AAA. Nunca foram carreados para os autos factos que permitissem ilidir esta presunção.
BBB. Incumbe a quem pretenda ilidir a presunção legal, fazer prova em contrário.
CCC. Pelo que, mal andou o tribunal a quo quando no despacho em crise, em violação de presunção legal supra referida decidiu (sublinhado nosso):
“no que atende aos demais bens identificados no exame pericial de fls. 6882 e tendo presente que, não obstante o afirmado, quer pelas testemunhas como pela requerente mulher, certo é que nenhuma prova foi adiantada que se afigure como suficiente para que seja concluído que os requerentes são os legítimos proprietários de tais objectos. Isto é, para além de não terem sido declarados os rendimentos de tal actividade, como já se salientou, há que frisar que estes bens foram encontrados num local diverso daquele onde a requerente mulher desenvolvia a sua actividade comercial e outrossim, como a mesma afirmou, para serem ocultados de uma eventual busca policial.
Nesta medida e porque a mera detenção não equivale à prova de propriedade legítima, e nenhuma outra foi produzida, importa indeferir o requerido.

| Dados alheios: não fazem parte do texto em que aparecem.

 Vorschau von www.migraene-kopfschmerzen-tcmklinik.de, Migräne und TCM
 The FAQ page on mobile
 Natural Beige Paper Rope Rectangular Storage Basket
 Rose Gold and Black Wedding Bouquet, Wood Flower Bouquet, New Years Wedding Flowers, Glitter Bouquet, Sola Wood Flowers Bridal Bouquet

no que tange às quantias monetárias apreendidas, a que se alude no auto de apreensão de fls. 2874 e 2875, importa atender que, convocando as regras de experiência comum, não se afigura curial a recolha de tal quantidade monetária num local que mais não é do que uma oficina de trabalho, que não apresenta condições de segurança para além do mínimo, isto é uma porta com uma fechadura. Outrossim, as mesmas regras antes aludidas ensinam-nos que tal quantia em dinheiro é guardada em cofres e/ou levada a depósito em instituições de crédito.
Ora, no caso em apreço tal não aconteceu. Veio, neste incidente, a requerente mulher dar conta de que tal quantia monetária lhe pertencia, como fruto do rendimento do seu trabalho e que ali se encontrava para evitar a respectiva apreensão por autoridade policial.

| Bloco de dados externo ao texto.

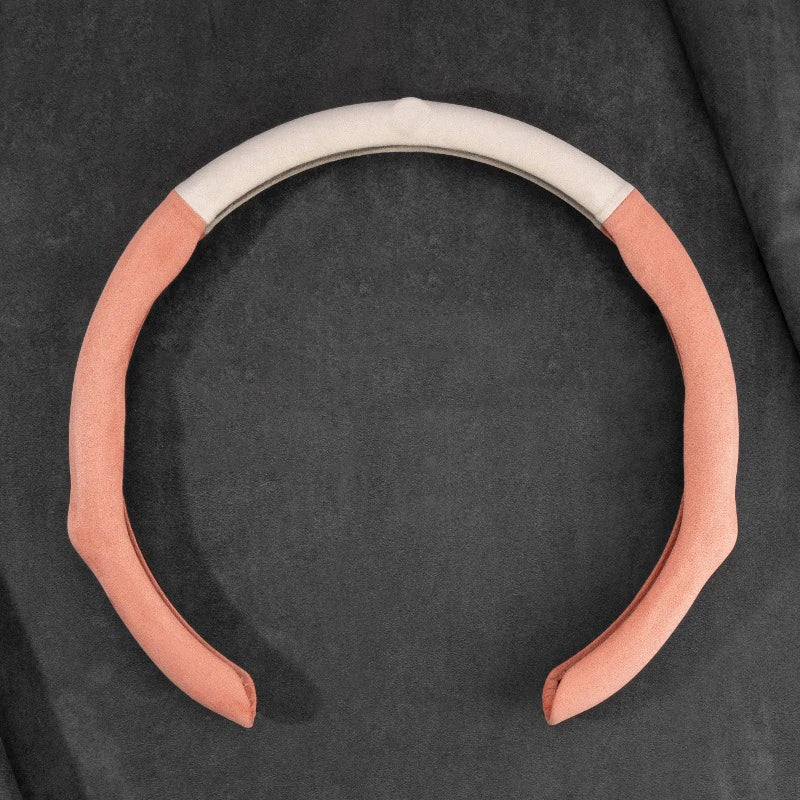 غطاء عجلة قيادة السيارة من الجلد السويدي الفاخر 5D 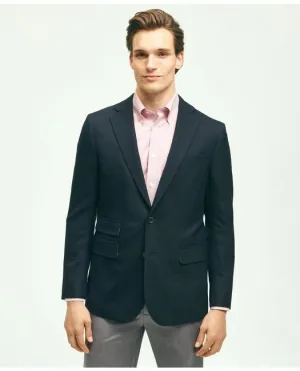 Brooks Brothers Men's Classic Fit Stretch Wool Hopsack Blazer Navy Brooks Brothers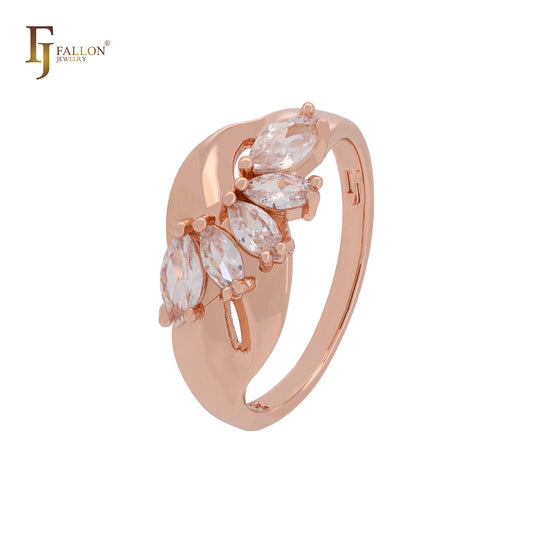 Anéis de moda em ouro rosa com zircônias cúbicas marquise amarelo oliva ou branco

Teremos, assim, que concluir que não foi feita prova pelos requerentes de que tais quantias monetárias que foram apreendidas nos termos que se dá conta a fls. 2875 e 2875 e cuja entrega vêm solicitar são, por um lado, o rendimento da actividade comercial empreendida pela requerente mulher nem mesmo que são os requerentes os legítimos proprietários de tais quantias em dinheiro. Vale tudo por dizer que, no que concerne com estes valores, terá de improceder o requerido.”
DDD. Pelo que se afigura que mal andou a Mmaª Sr.ª Juiz a quo, subvertendo as regras estabelecidas quanto ao ónus da prova e à presunção estabelecida a favor dos recorrentes.

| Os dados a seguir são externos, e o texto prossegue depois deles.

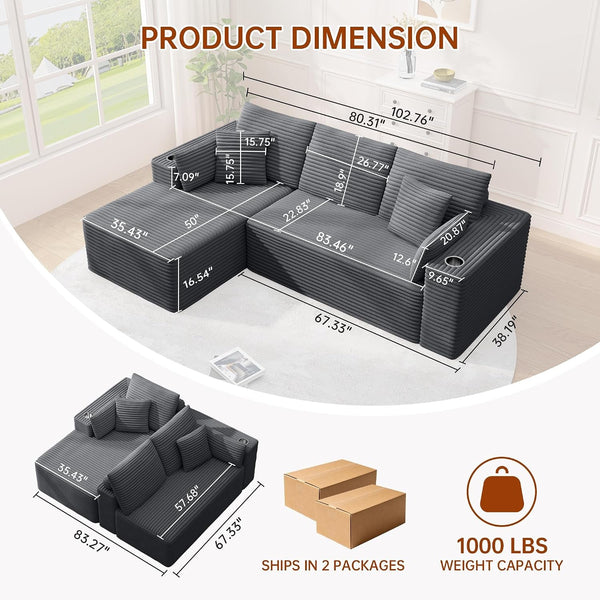 Pingliang 102" Cloud L-Shaped Sectional Sofa, Dark Grey Corduroy3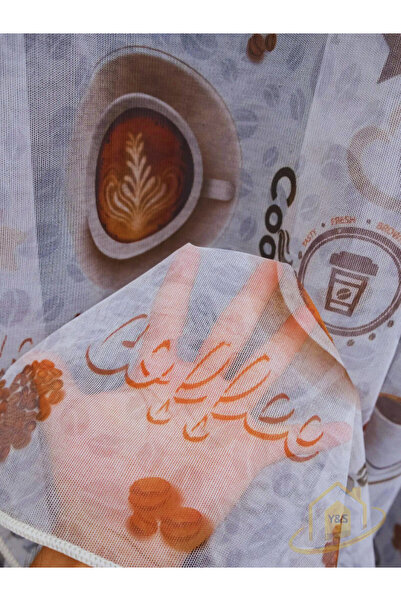 YS PERDE TASARIM Brillant Bambu Coffee Mutfak Perdeleri Kahveli Desen Model M...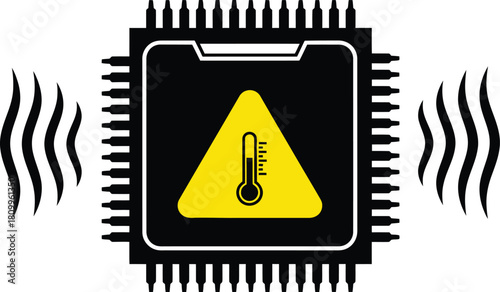 Warning sign integrated circuit overheating alert symbol within a black chip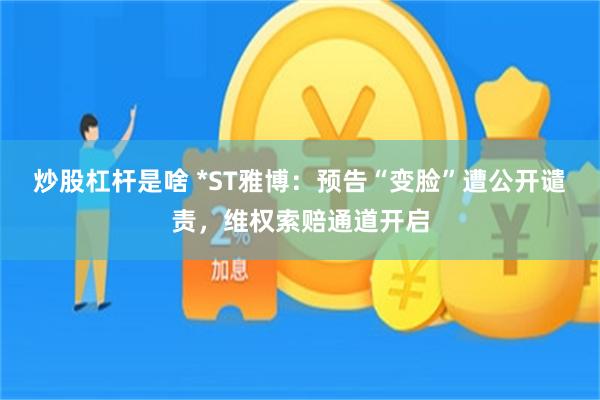 炒股杠杆是啥 *ST雅博：预告“变脸”遭公开谴责，维权索赔通道开启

EEE. A interpretação do disposto no art. 186º do Código de Processo Penal, segundo a qual após apreensão judicial, os objectos apreendidos só seriam devolvidos ao seu possuidor (a pessoa a quem foram apreendidos tais objectos) se este fizer prova da sua legítima propriedade e aquisição, sempre seria inconstitucional por grosseira violação do disposto nos artigos 32º, nº 2 e 62º da Constituição da República.
FFF. Ora, na esteira do supra referido, os recorrentes gozam a seu favor da presunção de proprietários dos bens apreendidos.
GGG. Resulta do despacho recorrido que “as testemunhas arroladas pelos requerentes foram unanimes em afirmar que a requerente mulher é vendedora, entre outros, de objectos de ourivesaria, tendo mesmo a testemunha J… afirmado ter sido uma das suas fornecedoras”.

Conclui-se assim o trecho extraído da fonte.